THE FORWARD-LOOKING INFORMATION CONTAINED IN THIS PRESS RELEASE REPRESENTS THE EXPECTATIONS OF THE COMPANY AS OF THE DATE OF THIS PRESS RELEASE AND, ACCORDINGLY, IS SUBJECT TO CHANGE AFTER SUCH DATE. READERS SHOULD NOT PLACE UNDUE IMPORTANCE ON FORWARD LOOKING INFORMATION AND SHOULD NOT RELY UPON THIS INFORMATION AS OF ANY OTHER DATE. WHILE THE COMPANY MAY ELECT TO, IT DOES NOT UNDERTAKE TO UPDATE THIS INFORMATION AT ANY PARTICULAR TIME EXCEPT AS REQUIRED IN ACCORDANCE WITH APPLICABLE LAWS.

NON-IFRS AND SUPPLEMENTARY FINANCIAL OR OPERATING MEASURES
The Company references non-IFRS and supplementary financial or operating measures, including, but not limited to, Adjusted EBITDA. This measure does not have a standardized meaning prescribed by IFRS and is most likely not comparable to similar measures presented by other public company issuers including those operating in the cannabis industry. Non-IFRS measures provide investors with additional insights into the Company’s financial and operating performance which may not be garnered from traditional IFRS measures. The management of the Company, including its key decision makers, use non-IFRS measures in assessing the Company’s financial and operating performance.
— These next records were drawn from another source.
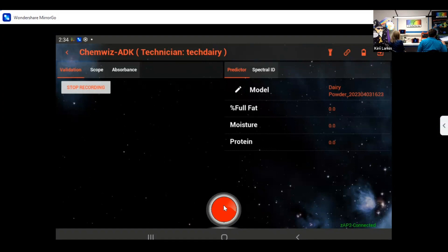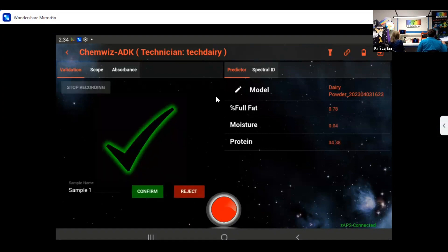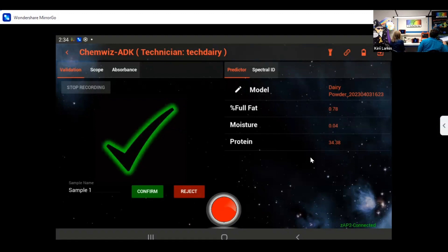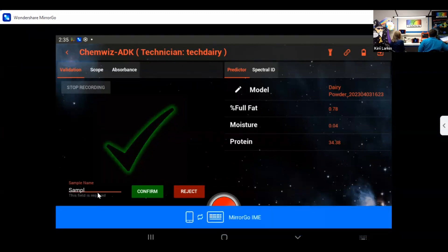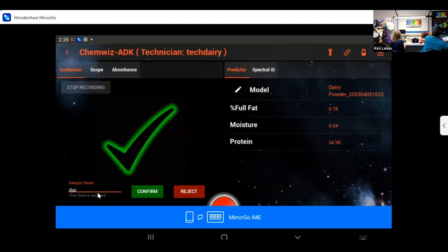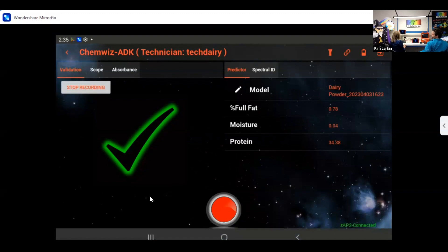Ken is going to go ahead and place the sample on the fixture. I press select and it gives a confirmation that we have a dairy sample on the fixture. It's giving us a very low fat value, which means it's probably a skim dairy — very low moisture and a high protein value, which makes sense for a skim powder that's been dried out. I'm going to go ahead and save that as 'dairy demo' and confirm it. Let's go ahead and put another sample on the fixture and measure it again.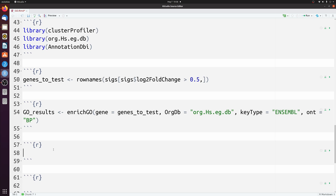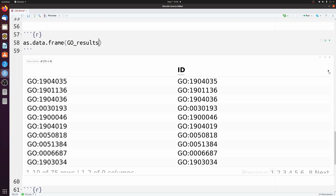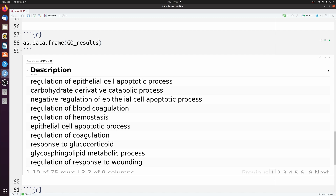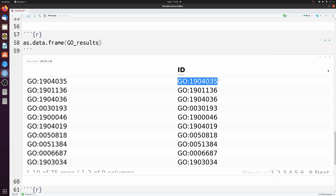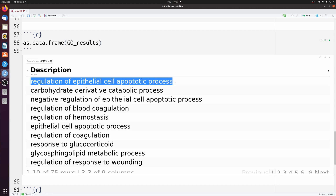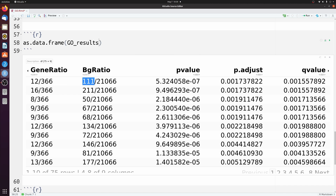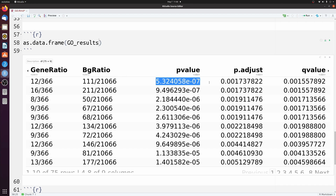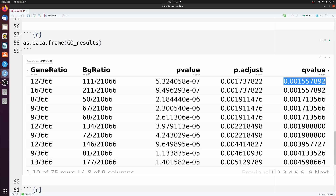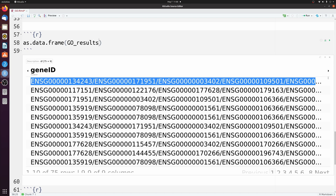Let's look at the results — we can convert it to a data frame. You have the GO ID, the description, and then how many genes out of your input genes were in that GO term. You have background ratio, which is the number of genes in the GO term versus the total number of background genes — how many human genes in total were used. Then you have the p-value, the adjusted p-value, another adjustment method, and all the gene IDs found from your data.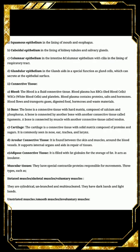First is squamous epithelium, present in the lining of the mouth and esophagus — that is, our food pipe. It is called squamous epithelium because the cells are square-like in shape.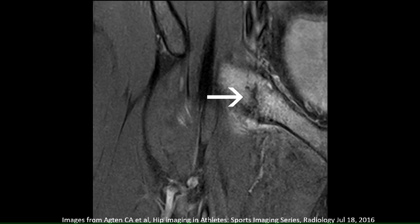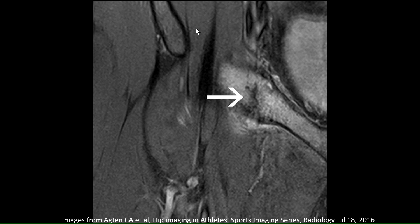Stress fractures are always a very good differential diagnosis in athletes with bone changes. Here is a nice example of a vertical stress fracture in the anterior column of the acetabulum. If stress fractures occur in the acetabular roof they are more horizontally aligned. You can also have stress fractures in the femoral bone. Keep in mind that after arthroscopic osteochondroplasty for cam deformity, about 2% of patients can get an insufficiency fracture of the femoral neck because too much bone was removed.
The Company calculates Adjusted EBITDA as net income or loss excluding current and deferred income tax expense, finance expense, interest income and amortization of discounts, depreciation and amortization, fair value changes in biological assets, realized fair value changes in inventory sold, share based compensation, termination costs, gains or losses on evaluation of financial instruments, impairments of intangible assets, impairment of goodwill, impairment of property, plant and equipment, accreted interest on leases and applicable short term and long term liabilities, gains or losses on asset disposals, gains or losses on settlement of debt, gains or losses on debt modification, foreign exchange, expected credit losses and bad debt expense, acquisition costs, business transaction costs, reversal of license liabilities, gain on extinguishment of payables, carrying costs associated with dormant investments, and non-recurring expenses such as penalties and late fees.


1 Refer to the Company’s comparative restated fiscal 2022 financial statements included in its audited fiscal 2023 financial statements (note 33) which also details the Company’s discontinued operations for both fiscal 2023 and fiscal 2022 (note 31). Reference to 2022 year over year and quarter over quarter comparative financials are accounted for in accordance with the aforementioned classifications.